Yanlış seçenekler için kitaba bakmalısınız. :)))(sy:64-65)
3. İHTİYAÇLAR
Duygularımızın ardındaki ihtiyaçlarımızın farkına varmaktır. İhtiyaçlarımızı ifade edersek, karşılanma olasılıkları yükselir. İnsanlar genellikle, ihtiyaçlarını açıkça ifade etmek yerine birbirlerini eleştirip suçlarlar. Örneğin, ihtiyacı olan şeyi istemekten çekinen bir kadın, basitçe çok yoğun bir gün geçirdiğini, yorgun olduğunu, dinlenmek için kendine biraz zaman ayırdığını söyleyemez. Bunu yerine genellikle sızlanır.

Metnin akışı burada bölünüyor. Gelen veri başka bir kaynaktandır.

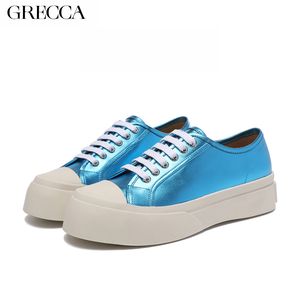 All'ingrosso nuove scarpe alla moda Color caramella da <span class=keywords><strong>donna</strong></span> <span class=keywords><strong>basse</strong></span> con lacci spessi scarpe da ginnastica sportive piatte scarpe Casual da <span class=keywords><strong>donna</strong></span> - Product Image 3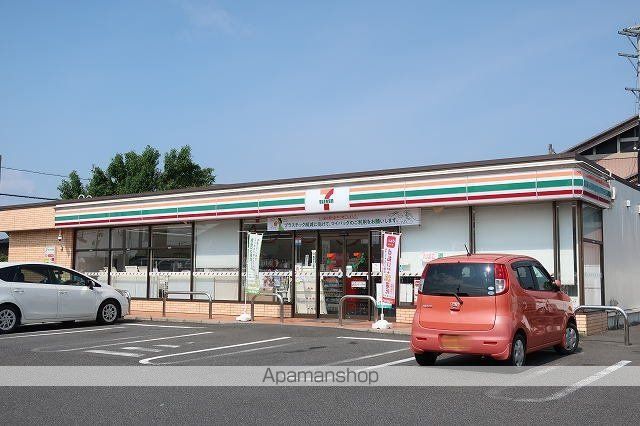 コンビニ　セブンイレブン（コンビニ）まで200m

Biz ihtiyaçlarımıza değer vermezsek başkaları da vermeyebilir.
Duygusal Kölelikten, Duygusal Özgürlüğe
A. Duygusal Kölelik: Kendimizi, başkalarının duygularından sorumlu sanırız.
B. Başkaldırı: Kendimizi yok sayarak, sorumluluğu yerine getirmeye çalıştığımızda, ödediğimiz yüksek bedelin farkına varırız. Bu dönemde kimsenin duygularının sorumluluğunu üstlenmek istemeyiz.
C. Duygusal Özgürlük: Başkalarının ihtiyaçlarına korku, suçluluk veya utançla değil, şefkatle cevap veririz.
Birisi bizimle olumsuz iletişim kurduğunda dört seçeneğimiz vardır:
A. Kendimizi suçlarız.
B. Başkalarını suçlarız.
C. Kendi duygu ve ihtiyaçlarımızı sezeriz.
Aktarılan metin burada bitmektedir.